== EXERCISE OBJECTIVE ==
Retype each line below precisely and omit all images.

════════════════════

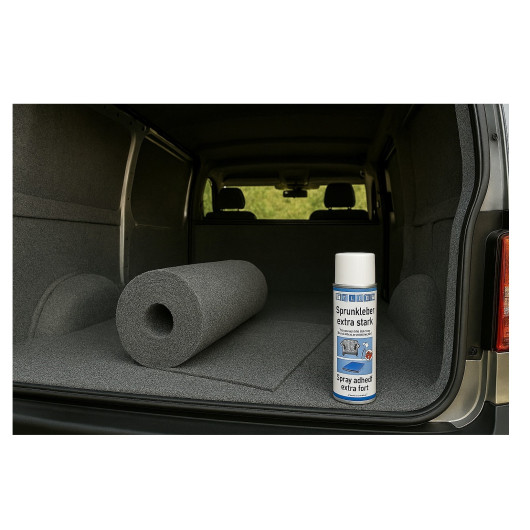 Colle néoprène en spray - bombe 500 ml WEICON à l'arrière d'un van avec moquette de finition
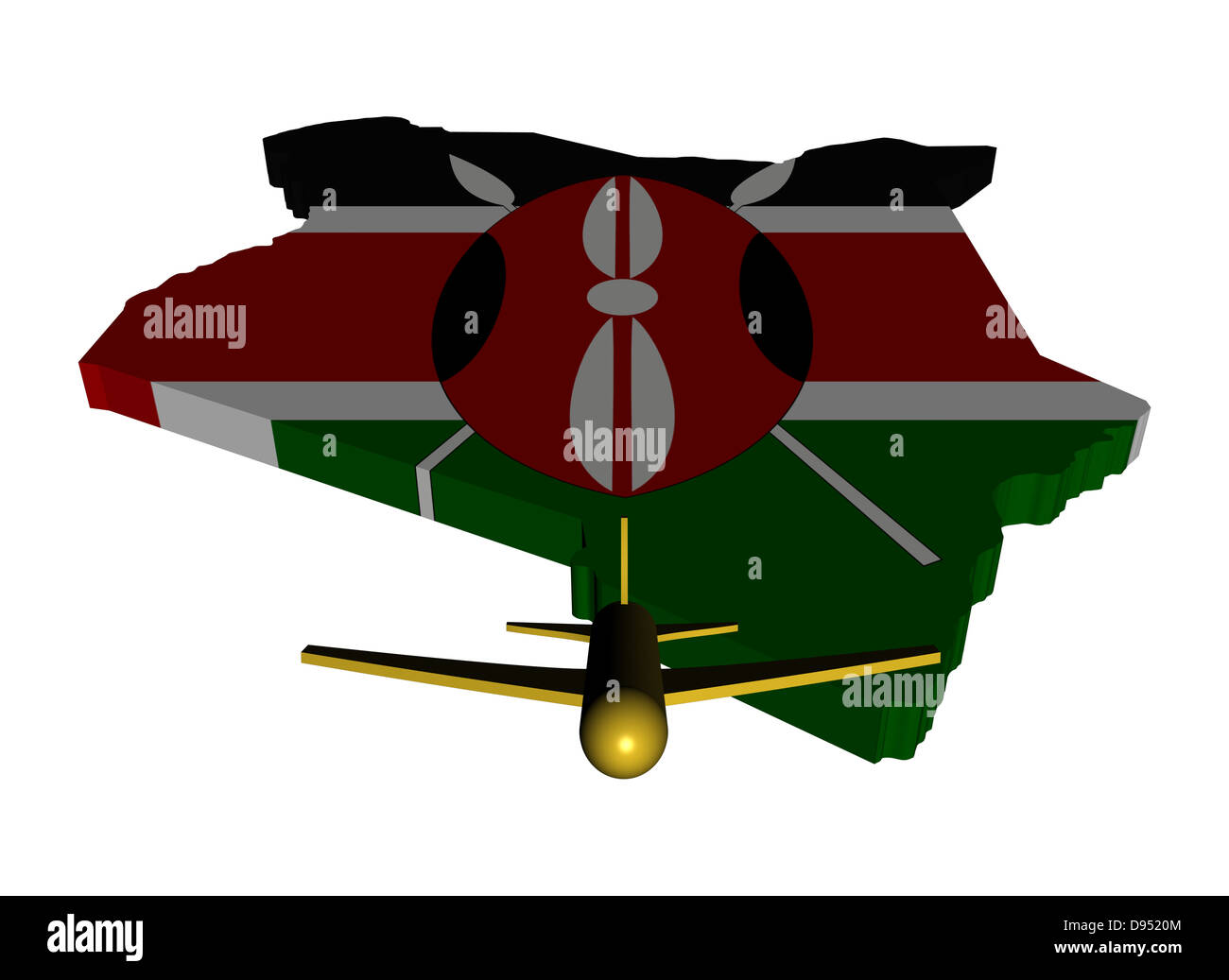 Flugzeug abheben aus Kenia Karte Flagge Abbildung Stockfoto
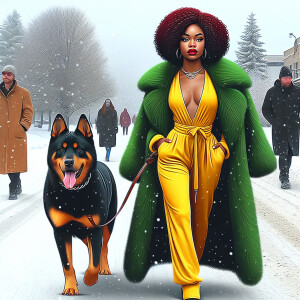 a classy boss lady medium size African American, dressed in a Ye...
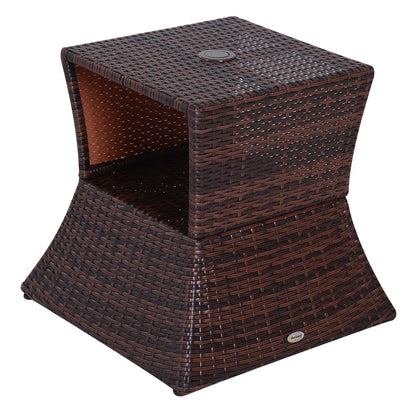 Rattan Outdoor Coffee Table, Wicker Garden Patio Bistro Side Table with Umbrella Hole and Storage Space for Balcony, Porch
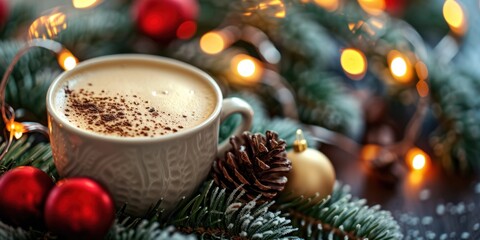 Christmas Cappuccino Surrounded by Decorations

════════════════════

== WRITTEN SOLUTION ==
 Colle néoprène en spray - bombe 500 ml WEICON à l'arrière d'un van avec moquette de finition
 Flugzeug abheben aus Kenia Karte Flagge Abbildung Stockfoto
 a classy boss lady medium size African American, dressed in a Ye...
 Rattan Outdoor Coffee Table, Wicker Garden Patio Bistro Side Table with Umbrella Hole and Storage Space for Balcony, Porch
 Christmas Cappuccino Surrounded by Decorations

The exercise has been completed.